United Nations Secretary-General Antonio Guterres visited Libya Wednesday ahead of a conference aimed at paving the way for elections to help end years of chaos in the country.
"I have just arrived in Libya, totally committed to support a Libyan-led political process leading to peace, stability, democracy and prosperity for the Libyan people," Guterres said on Twitter.
The UN has announced an all-party conference expected for April 14-16 in western Libya to draw up a roadmap towards elections and out of the turmoil it has faced since a 2011 uprising.

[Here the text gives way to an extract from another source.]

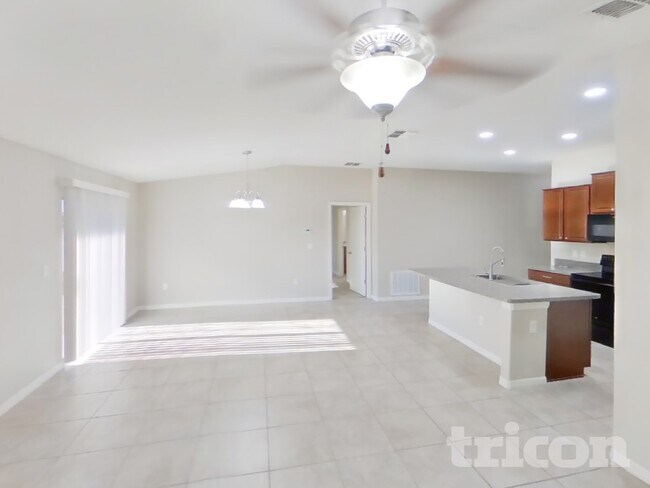 Foto del edificio - 14107 Covert Green Pl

The national conference aims to fix dates for legislative and presidential elections in the North African state, which has been torn apart by military, political and tribal feuds since the NATO-backed ouster of longtime ruler Moamer Kadhafi.
Libya's Government of National Accord (GNA), based in Tripoli, is rejected by a rival administration in the east of the country that is backed by strongman Khalifa Haftar's self-styled Libyan National Army.

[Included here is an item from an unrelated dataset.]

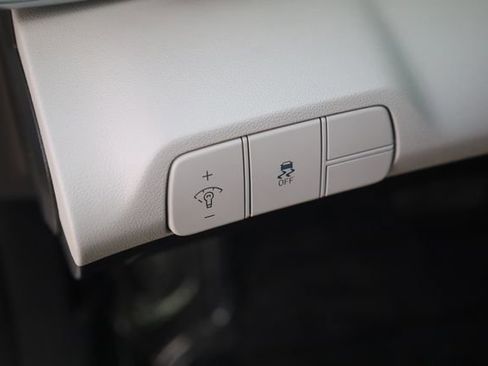 Certified 2025 Hyundai Elantra Limited image 10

Unity government leader Fayez al-Sarraj and Haftar agreed at a February meeting in Abu Dhabi to work towards organising elections.
"To avoid any major confrontation and to create the conditions to stabilise the situation in Libya, it's essential to unify the institutions of Libya," Guterres said in Cairo before flying to Tripoli.
"We hope that the conversations that took place between Sarraj and Haftar in Abu Dhabi and the understanding will be an important step to guarantee that, and that this can be consolidated by a national conference."
The visit by Guterres was the first by a UN Secretary General to Libya since 2014.